Sunday, 27 January 2008

What a palaver

When I saw last night that Alan Johnson had now got caught up in a funding row, I buried my head in my hands. For Labour supporters these are moments of despair and bemusement - we are consoled only by the rarely commented on fact that we are only slightly behind the Tories in the polls.

But then I thought to myself - what has he actually done? In fact what have any of them actually done? What if anything does this say about Gordon Brown's government or about the quality of our politics?

In Johnson's case he has apparently declared all his donations - but not to all of the correct regulatory bodies - or rather he claims he did file it with the Electoral Commission but it didn't appear on their website.
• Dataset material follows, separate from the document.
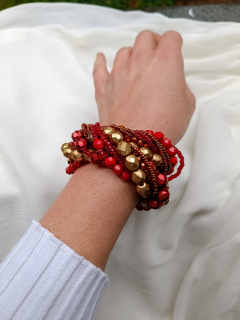 Maxi korálky na ruku red/gold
There is a claim that someone used a third party (his brother) to make a donation - but Johnson claims they checked the name and he appeared on the party membership list and they had no reason to question his bona fides. So at the most this seems to be an administrative error on part of Alan Johnson's office - if that.

Does this really merit the term 'sleaze'?

Lets take Peter Hain. Here we have the fact that rather a lot of money was not declared to the Electoral Commission (never has so much money been spent by so few for so little - why on earth did anyone want to be Deputy leader of the Labour party anyway?). But again no one thinks Peter Hain is a corrupt person - no one seriously alleges he wanted to conceal these donations deliberately - why would he have? Politicians have too much to lose. Rather it appears his office was guilty of, in Gordon Brown's wonderful phrase, 'an incompetence'. They didn't file the returns in time. Cock up, not conspiracy.

Wendy Alexander? She breached the law by accepting money from someone who was not a UK resident - again it appears that the correct checks were not made. Minor negligence surely - not corruption.

And yet, despite looking triffling in detail, collectively all this creates the impression of sleaze, especially when presented as such by sensationalist media headlines (both 24 hour news and the press being driven by the need to grab our easily distracted attentions). The conclusion most people will understandibly reach is 'they're a rotten lot' (not just Labour, but the whole political class).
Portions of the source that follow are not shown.